Nota do Simpa: o discurso surreal que culpa professores pela evasão escolar

A desconexão entre a realidade e a concepção administrativa e pedagógica adotada pela Secretaria de Educação de Porto Alegre ficou mais uma vez evidente nesta sexta-feira (23). Durante curso de formação oferecido pela Smed aos professores da Rede Municipal de Ensino (RME), a palestrante convidada afirmou que a evasão escolar estaria, em grande medida, ligada ao fato de os alunos não gostarem de seus professores.

 

A tese defendida — que demonstra desconhecimento sobre a própria RME — é absurda em vários aspectos. Primeiramente, porque ignora as relações de afeto desenvolvidas entre educadores e estudantes, que constituem a essência do vínculo estabelecido com a comunidade escolar. Não são poucos os relatos de familiares sobre a saudade que os filhos sentem dos professores e do ambiente escolar neste período de afastamento forçado, necessário à proteção da vida durante a pandemia de Covid-19. Não são poucas as ocasiões em que familiares recorrem aos professores para resolverem questões variadas pelo respeito e confiança estabelecidos entre as partes.

 

Porém, o mais grave deste argumento está no fato dele jogar sobre o corpo docente da RME uma responsabilidade que cabe ao gestor. Enfrentar a evasão é um dever daqueles que ocupam a Smed e o Paço Municipal.

 

Ao longo dos últimos anos, tanto no governo anterior quanto no atual, de Sebastião Melo, houve pouca ou nenhuma preocupação com os aspectos que, de fato, levam à evasão escolar.
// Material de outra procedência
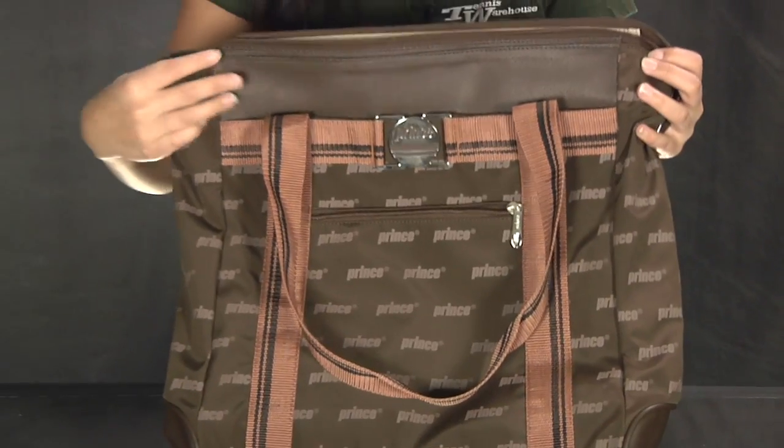Overall a great design made from synthetic leathers. This was a quick look at the Prince Premier Tote Bag.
Ao contrário: a RME e os serviços públicos em geral sofreram um verdadeiro desmonte, comprometendo a qualidade do atendimento e mesmo a oferta deste à população. A chegada da pandemia no ano passado apenas agravou esta situação e desnudou o discurso falacioso de que a educação é assunto estratégico e prioritário.

 

Nos últimos anos, a Smed não investiu na educação pública, deixando o sucateamento tomar conta da rede. Faltam professores, estrutura física adequada, recursos digitais e tecnológicos, formação apropriada, diálogo e valorização dos professores — o que também se traduz no desrespeito à legislação vigente no que diz respeito à falta de reposição inflacionária nos últimos cinco anos, arrochando os salários de todos os servidores, e na imposição de novas regras que levaram a perdas importantes nas carreiras e nas aposentadorias da categoria.

 

Durante a pandemia, quando os alunos e suas famílias mais precisaram de apoio, a Prefeitura e a Smed “lavaram as mãos”. Não garantiram internet, equipamentos e nem um sistema adequado de ensino remoto. Não ofereceram atendimento em assistência social ajustado à nova realidade, nem sequer o básico para levar um mínimo de segurança alimentar aos alunos mais vulneráveis — inclusive a Smed perdeu recursos do Programa Nacional de Alimentação Escolar (PNAE) justamente por não ter entregado as cestas básicas que deveria.

 

Ao longo de todo esse período, professores e Simpa procuraram dialogar com a Smed, demonstrando as necessidades e insuficiências da rede. Sem sucesso. Durante a pandemia, também não foram poucas as ocasiões em que sindicato e trabalhadoras(es) apelaram para a Smed a fim de que fossem garantidas as condições necessárias ao ensino remoto e à mitigação da fome.

 

Quando a Prefeitura sinalizou para o retorno às aulas presenciais, também foram o Simpa e os servidores da educação que apontaram a falta de condições estruturais e de protocolos sanitários capazes de garantir segurança à saúde e à vida da comunidade escolar. A priorização da vacinação dos professores só se concretizou após muita pressão. E agora a Smed quer, mais uma vez, impor o retorno às aulas sem que haja ambientes seguros em meio à propagação da variante Delta.

 

Cabe destacar ainda que o agravamento da crise antes e principalmente durante a pandemia levaram a um aumento sensível da fome, da miséria e o consequente crescimento da população em situação de rua e das crianças vendendo produtos nas sinaleiras, uma verdadeira tragédia social para estas e para as futuras gerações.

 

A soma de todos esses fatores está na raiz da atual evasão escolar. Um governo apelar para a responsabilização dos professores diante de um quadro multifatorial e dramático que incide inclusive na realidade desses profissionais seria surreal em qualquer lugar sério. Mas não na Porto Alegre de Sebastião Melo, no Rio Grande do Sul de Eduardo Leite e no Brasil de Jair Bolsonaro.